Information and Communication Technology (ICT) has come to increasing
prominence in recent years, inserting itself into the ‘everyday’ for modern
living in such a manner that it has impoverished our imagination for a
pre-internet life. Whilst older members of the population may demonstrate some
reticence in part about getting on board with these new digital modalities, the
young have been exposed at the outset. Public services have picked up the
gauntlet for tech evangelism as we are all increasingly enjoined as digital
customers to go ‘paperless’, with regards to banking, utilities, council
services and the NHS. This is not without controversy and contestation
regarding the wider motives of digital governance and surveillance capitalism.
In theory smart app technology such as Patient Access (https://en.wikipedia.org/wiki/Patient_UK)

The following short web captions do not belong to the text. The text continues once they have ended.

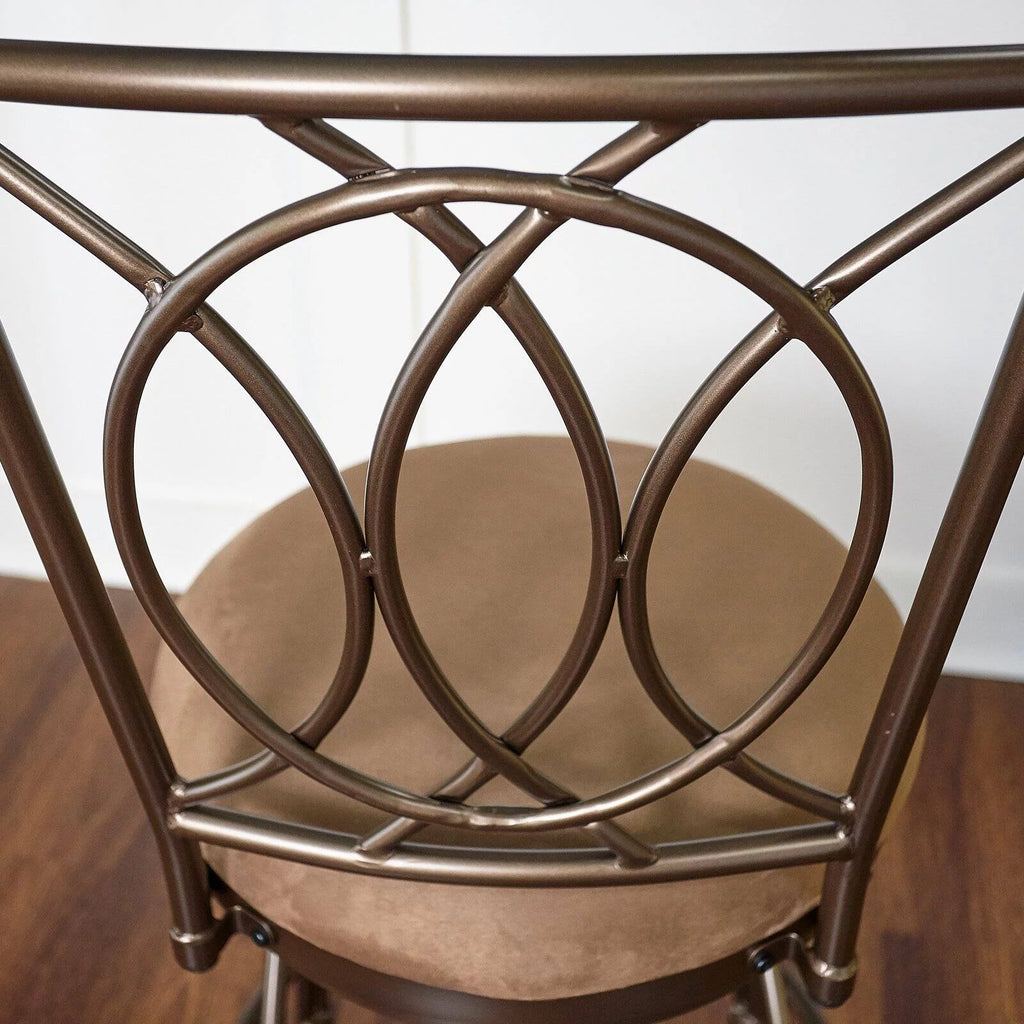 24.5" Metal Circle Back Swivel Counter Stool M60621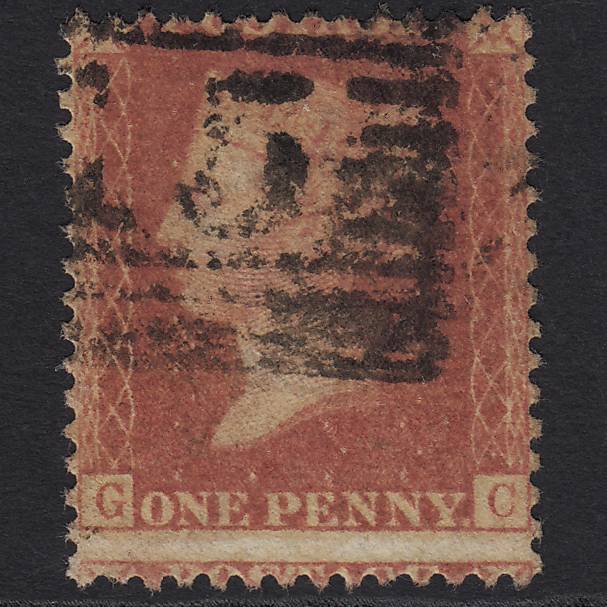 GB QV 1857 1d Rose-red (Plate 52) SG40-C10(1) GC GU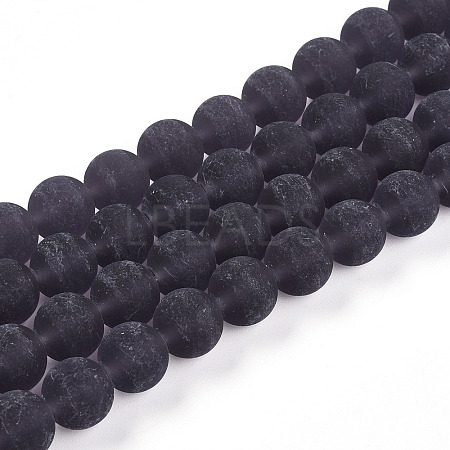 Transparent Glass Beads Strands GLAA-T032-T10mm-MD03-1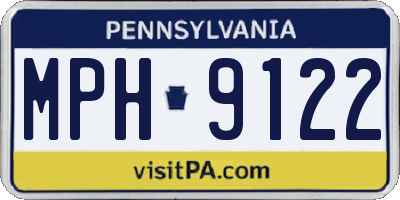 PA license plate MPH9122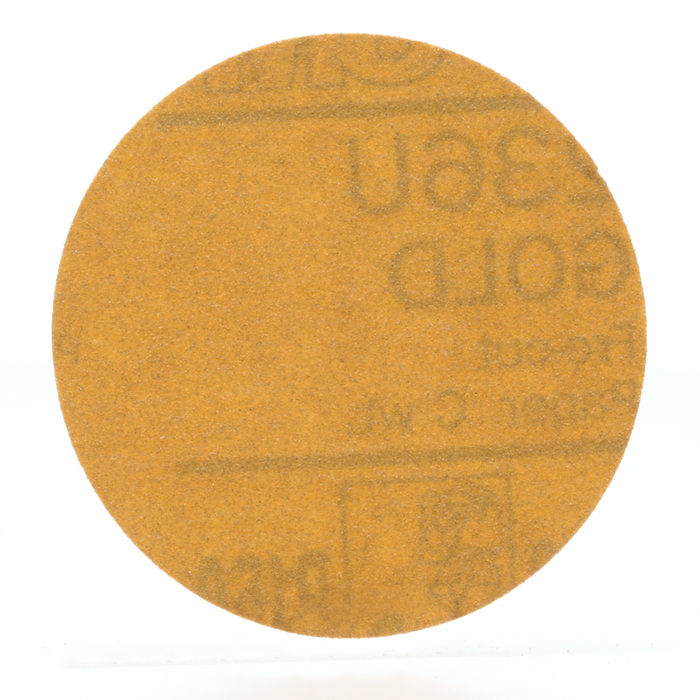 3M Hookit Gold Disc, 00918, 3 in, P150, 50 discs per carton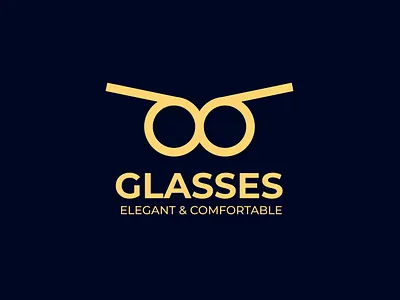 glasses logo design branding company creative design element eyeglasses glasses icon identity illustration logo symbol trendy vector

provide a valuable alternative route to accessing a range of frontline GP
health services and prescriptions and help to automate routine administrative
functions, thereby avoiding onerous telephone queues or the need for in-person
appointments.Real-world complications however wait in the wings. The Patient
Access app and desktop site (https://www.patientaccess.com/)
comes courtesy of EMIS Health which is in the vanguard of all those
controversial private company partnerships within the NHS.
As with all smart app technology there is the burden of ‘digital
literacy’ which necessitates an intermediate level of savviness for those who
are co-opted into using these routes. Periodic hardware upgrades become
mandatory, constant innovation usually means smart apps have a short shelf-life
of a few months before they are updated and patched to accommodate the latest
innovations and iron out software glitches and security issues. The Patient
Access app has been revised in recent months to incorporate new security
protocols. Online verification has been given centrality for safeguarding of
sensitive information against cybercrime. A new age of digital Darwinism
presents in an online ecology of malevolent actors, scammers and traffickers to
terrorists and hostile foreign governments. Verification protocols have
traditionally taken the form of passwords. Online access will only be
granted by following a formidable assault course that tests the fatigue and
endurance of each individual. Patient Access previously required third-party
verification protocol (in the form of a six-digit SMS text) on top of email and
password login. This was revised in recent months by prompts to move to
verification by yet another smart app! Without specifying which particular
‘authenticator’ app to use (ideally the Microsoft one), we are left to try out
a variety of apps from the online smartphone stores. Many of these apps are
problematic, packed out with lots of diverting adverts which means they are
very difficult to navigate without accidently pressing on the wrong part of the
touch screen which easily results in downloading unwanted and potentially
harmful software. Luckily for me I used the aforementioned Microsoft
authenticator app which is advert free and relatively simple to use. Not so
lucky for my Dad when we accidently downloaded the wrong app which refused to
play ball. I spent the next several hours trying to fix this with several
possible solutions including uninstalling and reinstalling each app in turn.
Needless to say, all attempts remained gloriously futile. Dad returned to his
local surgery to explain the problem wherein another staff member spent yet
another wasted hour trying to salvage said app and concluded that individual
codecs attached to this account had been inadvertently compromised,
necessitating a grand reset from the remote technicians behind the curtains of
EMIS. This saga was not satisfactorily resolved for a number of months and is
surely another testy testimony to the dystopian realities of navigating
important public services by remote technologies.